Populism gives rise to U.S., U.K. impasses
LONDON — In Parliament, lawmakers are mired in gridlock over Britain’s departure from the European Union. In Washington, President Donald Trump stormed out of a meeting with congressional leaders who oppose his border wall, hardening a standoff that has shut down much of the government.
Two governments paralyzed. Two populist projects stalled. Two venerable democracies in crisis.
Rarely have British and U.S. politics seemed quite so synchronized as they do in the chilly dawn of 2019, three years after the victories of Brexit and Trump upended the two nations’ political establishments. The countries seem subject to a single ideological weather system — one that pits pro-globalization elites against a left-behind hinterland.
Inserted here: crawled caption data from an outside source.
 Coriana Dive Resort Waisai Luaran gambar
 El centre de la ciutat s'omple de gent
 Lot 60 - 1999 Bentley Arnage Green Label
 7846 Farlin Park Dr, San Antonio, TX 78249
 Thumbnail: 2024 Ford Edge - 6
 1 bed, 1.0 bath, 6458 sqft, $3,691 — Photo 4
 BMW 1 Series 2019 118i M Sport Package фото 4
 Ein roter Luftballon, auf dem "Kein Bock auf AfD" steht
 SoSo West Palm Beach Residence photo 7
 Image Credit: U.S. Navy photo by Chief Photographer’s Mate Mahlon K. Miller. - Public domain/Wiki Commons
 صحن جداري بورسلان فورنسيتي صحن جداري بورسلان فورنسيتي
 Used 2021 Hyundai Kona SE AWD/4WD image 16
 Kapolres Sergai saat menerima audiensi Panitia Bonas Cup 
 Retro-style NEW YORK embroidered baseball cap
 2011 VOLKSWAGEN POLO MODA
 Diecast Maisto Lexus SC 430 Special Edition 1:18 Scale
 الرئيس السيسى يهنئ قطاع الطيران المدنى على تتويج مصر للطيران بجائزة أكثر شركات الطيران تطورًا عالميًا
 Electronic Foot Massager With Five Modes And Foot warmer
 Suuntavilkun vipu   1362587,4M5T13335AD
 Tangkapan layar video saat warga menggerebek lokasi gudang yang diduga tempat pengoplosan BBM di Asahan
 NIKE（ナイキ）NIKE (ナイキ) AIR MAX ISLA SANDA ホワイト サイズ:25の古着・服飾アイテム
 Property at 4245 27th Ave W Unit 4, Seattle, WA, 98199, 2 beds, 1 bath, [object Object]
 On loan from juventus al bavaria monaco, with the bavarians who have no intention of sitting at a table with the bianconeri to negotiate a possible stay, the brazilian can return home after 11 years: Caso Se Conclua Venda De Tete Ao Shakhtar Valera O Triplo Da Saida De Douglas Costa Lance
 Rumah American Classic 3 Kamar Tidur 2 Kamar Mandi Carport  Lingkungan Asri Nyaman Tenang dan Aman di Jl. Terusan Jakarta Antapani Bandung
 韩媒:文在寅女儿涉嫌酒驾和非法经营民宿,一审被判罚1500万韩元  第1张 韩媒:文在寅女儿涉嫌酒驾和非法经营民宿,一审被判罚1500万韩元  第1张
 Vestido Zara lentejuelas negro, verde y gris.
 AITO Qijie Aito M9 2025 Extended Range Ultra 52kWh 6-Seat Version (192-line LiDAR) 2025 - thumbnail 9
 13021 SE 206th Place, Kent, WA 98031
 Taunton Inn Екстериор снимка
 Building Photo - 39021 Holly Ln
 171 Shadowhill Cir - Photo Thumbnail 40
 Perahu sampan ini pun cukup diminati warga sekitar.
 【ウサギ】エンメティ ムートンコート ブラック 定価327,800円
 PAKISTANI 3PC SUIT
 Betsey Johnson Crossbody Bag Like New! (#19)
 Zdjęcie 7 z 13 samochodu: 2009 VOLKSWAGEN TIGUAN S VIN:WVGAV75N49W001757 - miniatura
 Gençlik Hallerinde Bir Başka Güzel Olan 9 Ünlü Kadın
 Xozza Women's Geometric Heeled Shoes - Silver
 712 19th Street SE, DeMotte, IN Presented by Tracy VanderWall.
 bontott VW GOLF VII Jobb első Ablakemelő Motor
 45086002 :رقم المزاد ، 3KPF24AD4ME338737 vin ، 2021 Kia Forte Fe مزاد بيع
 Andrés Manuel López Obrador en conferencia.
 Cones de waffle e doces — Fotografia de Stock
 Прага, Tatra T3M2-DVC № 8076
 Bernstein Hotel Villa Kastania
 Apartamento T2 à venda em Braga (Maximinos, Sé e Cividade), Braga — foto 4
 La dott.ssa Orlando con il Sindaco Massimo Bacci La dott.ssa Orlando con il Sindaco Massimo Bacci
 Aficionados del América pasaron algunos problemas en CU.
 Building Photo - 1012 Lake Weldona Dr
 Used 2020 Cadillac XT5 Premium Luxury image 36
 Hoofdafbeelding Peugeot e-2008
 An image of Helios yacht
The similarities abound: Brexiteers love to compare their cause to the United States’ war for independence. At a recent right-wing rally, one man marched with a scale model of the Liberty Bell. Trump has backed Brexit, while his friend, the Brexit godfather Nigel Farage, appears on Fox News, invoking Europe’s migrant crisis as a reason to back Trump’s wall.
“It’s stunning how parallel this is,” said Steve Bannon, who was an architect of Trump’s immigration policy as his former chief strategist and is an ally of Farage. “If you’re going to challenge the system, the system is going to fight back.”
Trump and the Brexiteers have ridden a nationalist tide in their countries as well, using a potent anti-immigration message to appeal to mostly white voters who yearn for a simpler, more homogeneous society that no longer exists.
In Britain, immigration has provided an electric current to conservative politics since at least 1968, when lawmaker Enoch Powell delivered a speech calling for immigrants to be repatriated. Opposition to immigration spiked during the past two decades as Britain was hit with terrorist attacks by Islamist militants and watched as migrants from Syria, Libya and other war-torn countries flooded across Europe.
In the United States, immigration surged as an issue because of the changes wrought by globalization. Manufacturing jobs moved overseas, where labor was cheaper, while immigrants took both unskilled and high-tech jobs previously held by Americans.
Local politicians in California and elsewhere shot to stardom by introducing anti-immigrant ordinances.
The tea party movement emerged, with core issues similar to those of Farage’s pro-Brexit UK Independence Party.